At this point, many of the Dutch decided to abandon the expedition and sailed for home.

Part of the expedition finally made it to Lisbon, but the anticipated revolt did not materialize, as the Portuguese were much more loyal to the Spanish than the English had realized. Meanwhile, Queen Elizabeth refused to send the siege guns and reinforcements she had promised, perhaps in a fit of pique that he had failed to attack Santander as she had wanted, so the English could not besiege the town, although they did some small moral victories by burning the Lisbon granaries and by Essex melodramatically and defiantly thrusting his sword into the main gate of the city.

At this point Drake finally made it to Lisbon with the rest of the fleet, having been blown off course (yet again). Although Lisbon could not be taken, he and Norrys decided to try to salvage the expedition by pressing on to the Azores in hopes of catching the treasure fleet.
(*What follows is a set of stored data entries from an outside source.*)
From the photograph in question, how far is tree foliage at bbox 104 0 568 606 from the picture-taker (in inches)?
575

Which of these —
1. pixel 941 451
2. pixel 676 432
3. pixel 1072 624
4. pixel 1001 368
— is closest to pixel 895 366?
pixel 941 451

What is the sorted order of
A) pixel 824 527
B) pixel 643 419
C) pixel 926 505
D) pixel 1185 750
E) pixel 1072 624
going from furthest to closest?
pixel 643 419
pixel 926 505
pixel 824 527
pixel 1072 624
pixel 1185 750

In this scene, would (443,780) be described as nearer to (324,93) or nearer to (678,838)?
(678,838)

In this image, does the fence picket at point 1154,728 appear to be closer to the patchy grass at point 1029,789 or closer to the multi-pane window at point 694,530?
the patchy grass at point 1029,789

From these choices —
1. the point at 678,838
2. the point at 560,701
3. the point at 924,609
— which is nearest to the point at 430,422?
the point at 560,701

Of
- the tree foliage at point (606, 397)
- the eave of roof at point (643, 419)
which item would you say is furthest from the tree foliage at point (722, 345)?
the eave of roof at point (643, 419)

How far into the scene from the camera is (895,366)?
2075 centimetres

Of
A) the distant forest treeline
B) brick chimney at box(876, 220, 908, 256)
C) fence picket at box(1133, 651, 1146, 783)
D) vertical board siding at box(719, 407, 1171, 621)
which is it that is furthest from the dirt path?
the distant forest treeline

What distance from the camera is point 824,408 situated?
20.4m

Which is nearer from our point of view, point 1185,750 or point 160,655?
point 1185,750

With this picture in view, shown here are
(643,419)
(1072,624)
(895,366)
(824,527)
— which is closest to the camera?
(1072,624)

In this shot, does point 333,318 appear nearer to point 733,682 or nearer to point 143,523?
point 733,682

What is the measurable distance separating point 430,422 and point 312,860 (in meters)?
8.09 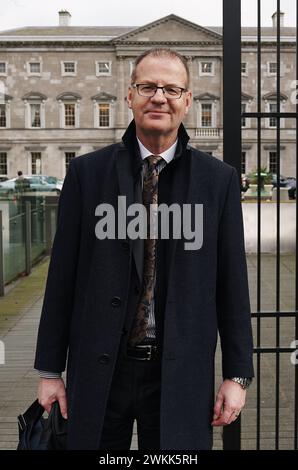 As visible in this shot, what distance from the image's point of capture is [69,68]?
185 feet

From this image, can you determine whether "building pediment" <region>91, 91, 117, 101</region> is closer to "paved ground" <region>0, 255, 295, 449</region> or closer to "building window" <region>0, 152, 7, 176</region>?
"building window" <region>0, 152, 7, 176</region>

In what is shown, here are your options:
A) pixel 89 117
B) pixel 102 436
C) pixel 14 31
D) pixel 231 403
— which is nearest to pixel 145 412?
pixel 102 436

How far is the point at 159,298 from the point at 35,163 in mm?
56546

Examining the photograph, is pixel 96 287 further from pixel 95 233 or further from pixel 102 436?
pixel 102 436

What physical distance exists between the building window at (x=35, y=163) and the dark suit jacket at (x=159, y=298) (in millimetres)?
55818

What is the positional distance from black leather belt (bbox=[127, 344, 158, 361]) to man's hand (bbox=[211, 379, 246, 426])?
27 cm

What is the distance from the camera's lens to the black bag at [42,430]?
196 cm

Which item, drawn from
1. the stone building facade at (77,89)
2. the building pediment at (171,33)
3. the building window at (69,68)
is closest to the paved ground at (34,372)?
the stone building facade at (77,89)

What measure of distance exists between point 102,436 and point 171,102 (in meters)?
1.17

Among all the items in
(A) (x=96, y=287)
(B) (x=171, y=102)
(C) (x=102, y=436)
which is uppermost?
(B) (x=171, y=102)

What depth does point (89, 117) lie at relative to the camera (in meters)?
55.9

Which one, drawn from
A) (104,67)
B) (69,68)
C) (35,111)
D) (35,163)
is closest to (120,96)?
(104,67)

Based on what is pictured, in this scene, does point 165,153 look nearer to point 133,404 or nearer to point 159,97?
point 159,97

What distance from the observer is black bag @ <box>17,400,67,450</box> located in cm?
196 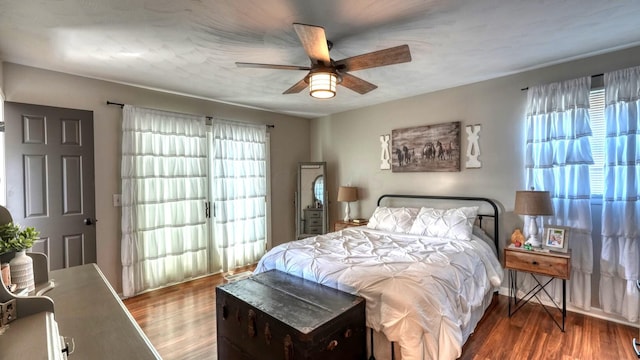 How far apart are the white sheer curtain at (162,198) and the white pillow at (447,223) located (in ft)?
9.75

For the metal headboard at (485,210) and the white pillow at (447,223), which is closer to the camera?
the white pillow at (447,223)

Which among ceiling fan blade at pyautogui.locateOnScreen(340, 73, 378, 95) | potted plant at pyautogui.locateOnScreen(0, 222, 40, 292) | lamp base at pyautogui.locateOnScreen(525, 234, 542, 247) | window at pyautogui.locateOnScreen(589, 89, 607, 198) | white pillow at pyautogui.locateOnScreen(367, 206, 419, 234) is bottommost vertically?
lamp base at pyautogui.locateOnScreen(525, 234, 542, 247)

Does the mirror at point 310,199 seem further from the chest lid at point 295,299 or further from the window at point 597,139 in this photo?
the window at point 597,139

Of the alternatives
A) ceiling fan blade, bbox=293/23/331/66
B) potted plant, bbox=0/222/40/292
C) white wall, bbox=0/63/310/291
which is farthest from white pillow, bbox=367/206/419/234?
potted plant, bbox=0/222/40/292

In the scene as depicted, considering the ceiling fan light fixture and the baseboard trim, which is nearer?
the ceiling fan light fixture

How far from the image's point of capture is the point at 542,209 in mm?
2760

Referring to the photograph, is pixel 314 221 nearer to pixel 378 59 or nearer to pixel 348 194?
pixel 348 194

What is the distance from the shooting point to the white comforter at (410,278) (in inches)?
73.4

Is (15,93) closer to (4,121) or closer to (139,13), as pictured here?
(4,121)

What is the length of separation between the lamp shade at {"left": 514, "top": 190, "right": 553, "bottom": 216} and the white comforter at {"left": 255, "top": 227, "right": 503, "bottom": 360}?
56 cm

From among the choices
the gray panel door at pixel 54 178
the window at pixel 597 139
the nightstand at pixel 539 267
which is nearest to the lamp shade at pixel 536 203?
the nightstand at pixel 539 267

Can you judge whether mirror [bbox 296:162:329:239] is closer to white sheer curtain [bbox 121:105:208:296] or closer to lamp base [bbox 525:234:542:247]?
white sheer curtain [bbox 121:105:208:296]

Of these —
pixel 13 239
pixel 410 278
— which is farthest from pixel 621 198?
pixel 13 239

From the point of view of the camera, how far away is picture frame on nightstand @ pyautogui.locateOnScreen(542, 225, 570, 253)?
9.14ft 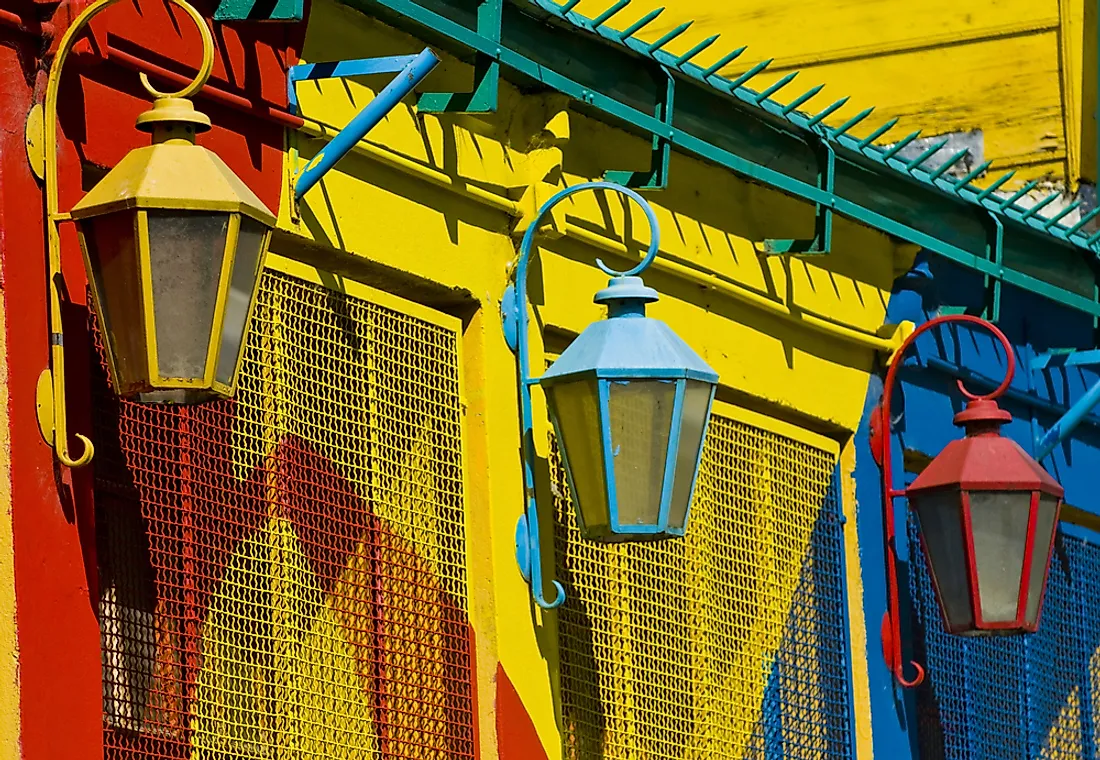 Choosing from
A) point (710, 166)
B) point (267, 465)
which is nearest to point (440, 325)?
point (267, 465)

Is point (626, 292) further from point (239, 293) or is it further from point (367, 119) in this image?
point (239, 293)

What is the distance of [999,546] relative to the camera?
28.7ft

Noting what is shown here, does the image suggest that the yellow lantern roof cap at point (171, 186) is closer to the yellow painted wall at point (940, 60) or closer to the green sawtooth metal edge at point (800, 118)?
the green sawtooth metal edge at point (800, 118)

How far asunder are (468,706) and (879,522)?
264 cm

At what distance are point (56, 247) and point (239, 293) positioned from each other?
23.5 inches

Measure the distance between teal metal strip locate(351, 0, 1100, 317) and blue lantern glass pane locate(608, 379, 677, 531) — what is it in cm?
121

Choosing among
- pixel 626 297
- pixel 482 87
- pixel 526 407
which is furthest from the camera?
pixel 526 407

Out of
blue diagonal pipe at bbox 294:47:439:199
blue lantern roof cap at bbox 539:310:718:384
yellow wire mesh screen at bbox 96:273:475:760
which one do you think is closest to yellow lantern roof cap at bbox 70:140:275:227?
yellow wire mesh screen at bbox 96:273:475:760

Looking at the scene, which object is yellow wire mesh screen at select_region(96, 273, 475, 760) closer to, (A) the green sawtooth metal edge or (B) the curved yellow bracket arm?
(B) the curved yellow bracket arm

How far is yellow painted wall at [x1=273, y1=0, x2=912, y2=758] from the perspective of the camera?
738cm

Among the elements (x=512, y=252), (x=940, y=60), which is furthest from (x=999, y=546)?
(x=940, y=60)

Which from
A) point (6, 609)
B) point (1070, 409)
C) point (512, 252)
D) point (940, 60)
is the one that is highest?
point (940, 60)

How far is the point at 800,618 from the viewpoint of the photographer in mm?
9297

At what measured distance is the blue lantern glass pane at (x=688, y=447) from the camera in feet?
23.2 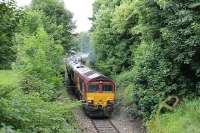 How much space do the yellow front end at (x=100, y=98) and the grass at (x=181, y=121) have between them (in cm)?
614

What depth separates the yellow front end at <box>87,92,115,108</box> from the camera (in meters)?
27.2

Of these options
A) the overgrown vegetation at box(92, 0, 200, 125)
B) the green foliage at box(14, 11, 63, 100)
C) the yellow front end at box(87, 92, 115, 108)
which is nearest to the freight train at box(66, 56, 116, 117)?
the yellow front end at box(87, 92, 115, 108)

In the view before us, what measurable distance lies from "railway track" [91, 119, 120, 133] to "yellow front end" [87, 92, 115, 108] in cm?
97

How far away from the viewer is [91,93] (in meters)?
27.4

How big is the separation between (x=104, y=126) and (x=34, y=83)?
7.27 m

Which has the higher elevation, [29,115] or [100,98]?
[29,115]

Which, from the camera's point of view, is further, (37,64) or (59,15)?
(59,15)

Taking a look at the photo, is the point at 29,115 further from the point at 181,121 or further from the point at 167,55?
the point at 167,55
However, by now several different diseases were ravaging the English crews, reducing their effectiveness and stormy seas scattered the fleet as it attempted to sail south over open waters. The Spanish, by now long since aware of the English ships and any element of surprise long since dissipated, were able to track and harry the English vessels with the remaining warships still in service patrolling the treasure fleet route, damaging or sinking several of them.

With several of the remaining English vessels taking on water from storm damage, Drake finally called off the mission decided to run for home. The remains of the English Armada limped back to Plymouth. All told, about 10,000 English men had perished in the expedition, nearly half the total force (mostly of disease). When all was said and done about £100,000 was invested in the mission, but it returned a mere £30,000 in booty.


The Consequences

Ultimately, the English Armada failed to achieve any of its aims, but the most disastrous was the failure to destroy the Spanish fleet at Santander, because this meant the English missed a golden chance to cripple Spanish sea power. This seems to have been the only part of the expedition that Queen Elizabeth really cared about, and had the rest of the people involved been equally focused on this goal, it almost certainly would have been achieved, as the fleet was virtually defenseless, and the English even had surprise on their side in the early going.

But what ended up happening is that the fleet survived and in fact within a few years the Spanish had fully recovered and had a fleet even bigger and stronger than they had before the destruction of the Spanish Armada. Meanwhile, the English had wasted an enormous amount of money and resources for very little return. The £100,000 spent was actually even more than the Spanish had spent on their Armada. Moreover, the disastrously low return on investment permanently turned many wealthy English away from such investments, and made it much harder for the Queen to finance future expeditions through the floating of stock.

The failure of the English Armada meant that the tide of the Anglo-Spanish War had turned decisively and permanently in favor of the Spanish. Although the war would drag on for another 15 years, the English would ultimately sue for peace and settle on terms highly favorable to Spain in the 1604 Treaty of London.

It is therefore somewhat ironic that the Spanish Armada is so much more famous than the English Armada as a foolhardy expedition and a disastrous defeat when the failure of the English Armada was ultimately much more disastrous and much more decisive in deciding the course of the war in question.